[Start of Attachment]

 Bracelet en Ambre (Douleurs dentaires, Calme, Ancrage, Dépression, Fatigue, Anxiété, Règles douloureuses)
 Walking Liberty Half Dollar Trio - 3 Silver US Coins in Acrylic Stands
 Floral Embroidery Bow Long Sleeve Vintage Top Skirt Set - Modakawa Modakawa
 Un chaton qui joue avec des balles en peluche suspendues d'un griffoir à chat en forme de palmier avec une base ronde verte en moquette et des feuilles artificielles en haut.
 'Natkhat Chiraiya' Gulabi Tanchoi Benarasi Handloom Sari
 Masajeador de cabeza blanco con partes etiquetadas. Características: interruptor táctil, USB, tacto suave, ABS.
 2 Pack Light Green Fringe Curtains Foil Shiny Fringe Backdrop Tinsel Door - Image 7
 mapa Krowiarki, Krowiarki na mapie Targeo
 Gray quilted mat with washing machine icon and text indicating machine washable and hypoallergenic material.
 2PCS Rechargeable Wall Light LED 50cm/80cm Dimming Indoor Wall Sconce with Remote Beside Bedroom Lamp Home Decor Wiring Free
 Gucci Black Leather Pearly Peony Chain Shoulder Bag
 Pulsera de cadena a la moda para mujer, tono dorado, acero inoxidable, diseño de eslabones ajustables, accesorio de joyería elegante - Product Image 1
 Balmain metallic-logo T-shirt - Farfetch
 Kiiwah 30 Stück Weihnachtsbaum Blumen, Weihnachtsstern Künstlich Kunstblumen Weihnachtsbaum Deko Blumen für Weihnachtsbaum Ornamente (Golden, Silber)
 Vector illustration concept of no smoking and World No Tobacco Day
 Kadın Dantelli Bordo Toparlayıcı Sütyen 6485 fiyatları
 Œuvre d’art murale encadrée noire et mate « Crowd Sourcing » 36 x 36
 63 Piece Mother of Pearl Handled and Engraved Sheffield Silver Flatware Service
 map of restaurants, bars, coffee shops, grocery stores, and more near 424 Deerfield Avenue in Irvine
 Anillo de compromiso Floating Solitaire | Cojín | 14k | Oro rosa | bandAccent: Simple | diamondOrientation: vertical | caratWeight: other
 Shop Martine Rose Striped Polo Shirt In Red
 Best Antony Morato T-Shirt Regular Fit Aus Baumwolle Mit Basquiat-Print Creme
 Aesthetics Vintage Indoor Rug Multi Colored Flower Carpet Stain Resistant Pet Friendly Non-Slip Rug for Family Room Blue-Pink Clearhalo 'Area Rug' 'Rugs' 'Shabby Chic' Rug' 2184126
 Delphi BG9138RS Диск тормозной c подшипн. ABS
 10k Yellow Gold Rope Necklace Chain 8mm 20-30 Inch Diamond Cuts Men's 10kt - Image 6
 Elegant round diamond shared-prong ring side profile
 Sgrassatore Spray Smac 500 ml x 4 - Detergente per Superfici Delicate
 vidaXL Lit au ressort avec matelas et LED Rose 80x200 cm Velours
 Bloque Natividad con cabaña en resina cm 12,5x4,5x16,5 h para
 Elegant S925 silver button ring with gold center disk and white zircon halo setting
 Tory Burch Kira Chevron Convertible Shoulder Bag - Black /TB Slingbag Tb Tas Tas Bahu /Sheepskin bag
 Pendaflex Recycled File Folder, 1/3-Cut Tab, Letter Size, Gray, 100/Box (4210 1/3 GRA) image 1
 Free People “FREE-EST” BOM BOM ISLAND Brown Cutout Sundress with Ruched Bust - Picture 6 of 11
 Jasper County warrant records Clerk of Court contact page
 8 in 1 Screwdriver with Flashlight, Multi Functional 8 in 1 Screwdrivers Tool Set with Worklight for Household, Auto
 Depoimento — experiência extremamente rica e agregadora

[End of Attachment]

WHAT THE EXERCISE ASKS
Given the data above, transcribe exactly the lines from the one containing "Best Antony Morato" down to the one containing "Elegant S925 silver", and no others.

WORKED SOLUTION
 Best Antony Morato T-Shirt Regular Fit Aus Baumwolle Mit Basquiat-Print Creme
 Aesthetics Vintage Indoor Rug Multi Colored Flower Carpet Stain Resistant Pet Friendly Non-Slip Rug for Family Room Blue-Pink Clearhalo 'Area Rug' 'Rugs' 'Shabby Chic' Rug' 2184126
 Delphi BG9138RS Диск тормозной c подшипн. ABS
 10k Yellow Gold Rope Necklace Chain 8mm 20-30 Inch Diamond Cuts Men's 10kt - Image 6
 Elegant round diamond shared-prong ring side profile
 Sgrassatore Spray Smac 500 ml x 4 - Detergente per Superfici Delicate
 vidaXL Lit au ressort avec matelas et LED Rose 80x200 cm Velours
 Bloque Natividad con cabaña en resina cm 12,5x4,5x16,5 h para
 Elegant S925 silver button ring with gold center disk and white zircon halo setting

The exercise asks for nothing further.